Volvo Cars will opt its employees in South Africa into an all-gender, paid parental leave policy from 1 April 2021.
The ‘Family Bond’ policy will give all employees with at least one year’s service a total of 24 weeks of leave at 80% of their base pay by default.
The policy applies to either parent and the leave can be taken anytime within the three first years of parenthood, it said.
The ‘Family Bond’ policy includes all legally registered parents, including adoptive, foster care and surrogate parents, as well as non-birth parents of same-sex couples.
Some countries do not offer any paid leave to new parents, or exclude certain groups of parents – the latter is particularly true for fathers.
Greg Maruszewski, managing director at Volvo Car South Africa, said the company is also proud to be offering its employees far more than is required by South African law.
“According to South Africa’s latest parental leave laws – which were signed into law by President Cyril Ramaphosa and took effect from 1 January 2020 – all parents (including fathers, adopting parents, and surrogates) are entitled to 10 days of unpaid parental leave when their children are born.
“Thanks to our Family Bond programme, parents employed at Volvo Car South Africa won’t only get considerably more time off work – but they will also receive compensation,” he said.
Maruszewski said that the fact that employees will receive 80% of their base pay will be especially significant to single parents in South Africa – of which there are many.
According to research conducted by the Human Sciences Research Council and the South African Race Relations Institute, 60% of SA children have absent fathers, and more than 40% of South African mothers are single parents.

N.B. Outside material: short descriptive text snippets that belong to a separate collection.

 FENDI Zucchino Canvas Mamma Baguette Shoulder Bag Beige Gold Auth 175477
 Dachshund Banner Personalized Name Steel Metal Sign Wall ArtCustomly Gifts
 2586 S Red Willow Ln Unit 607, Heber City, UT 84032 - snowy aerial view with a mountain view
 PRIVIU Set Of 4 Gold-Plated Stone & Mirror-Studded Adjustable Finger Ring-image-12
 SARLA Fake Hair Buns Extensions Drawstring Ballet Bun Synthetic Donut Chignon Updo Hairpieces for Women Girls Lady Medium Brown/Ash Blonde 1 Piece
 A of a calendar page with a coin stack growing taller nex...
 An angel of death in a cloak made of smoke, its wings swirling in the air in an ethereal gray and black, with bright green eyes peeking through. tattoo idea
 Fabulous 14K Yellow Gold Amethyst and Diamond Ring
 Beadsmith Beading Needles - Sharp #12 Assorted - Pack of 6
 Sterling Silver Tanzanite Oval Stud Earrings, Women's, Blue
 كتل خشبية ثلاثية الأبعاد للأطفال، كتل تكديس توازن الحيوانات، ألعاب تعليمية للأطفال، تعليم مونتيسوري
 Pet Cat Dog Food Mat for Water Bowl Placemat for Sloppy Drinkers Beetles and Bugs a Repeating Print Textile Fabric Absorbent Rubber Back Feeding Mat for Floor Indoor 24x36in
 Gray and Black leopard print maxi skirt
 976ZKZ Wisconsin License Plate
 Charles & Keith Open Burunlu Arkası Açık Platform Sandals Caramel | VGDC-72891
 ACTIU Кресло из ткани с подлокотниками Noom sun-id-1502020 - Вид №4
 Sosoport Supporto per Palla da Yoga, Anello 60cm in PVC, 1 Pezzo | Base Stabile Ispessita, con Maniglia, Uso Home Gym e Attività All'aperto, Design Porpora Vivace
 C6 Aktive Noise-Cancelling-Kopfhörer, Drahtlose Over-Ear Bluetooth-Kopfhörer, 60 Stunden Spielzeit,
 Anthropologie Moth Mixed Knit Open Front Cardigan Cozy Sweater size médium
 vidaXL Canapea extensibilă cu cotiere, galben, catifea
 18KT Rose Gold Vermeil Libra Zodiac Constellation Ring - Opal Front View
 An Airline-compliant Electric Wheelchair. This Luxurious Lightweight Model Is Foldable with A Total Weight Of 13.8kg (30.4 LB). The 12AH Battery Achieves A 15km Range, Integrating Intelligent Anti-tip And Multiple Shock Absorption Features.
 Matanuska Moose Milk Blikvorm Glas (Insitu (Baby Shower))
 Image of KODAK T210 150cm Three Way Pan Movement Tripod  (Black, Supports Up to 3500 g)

“We sympathise with these parents and we would like to provide them with some support during this very significant part of their child’s life,” said Maruszewski.
He believes that the extra days of leave – 24 weeks versus 10 days – will also send a clear message that Volvo Car South Africa cares for its employees and their families.
“The leave is not mandatory, but we do want to create a culture where our people feel safe and supported to take the time should they so choose. We’re encouraging parents to take this time to bond more with their families,” he said.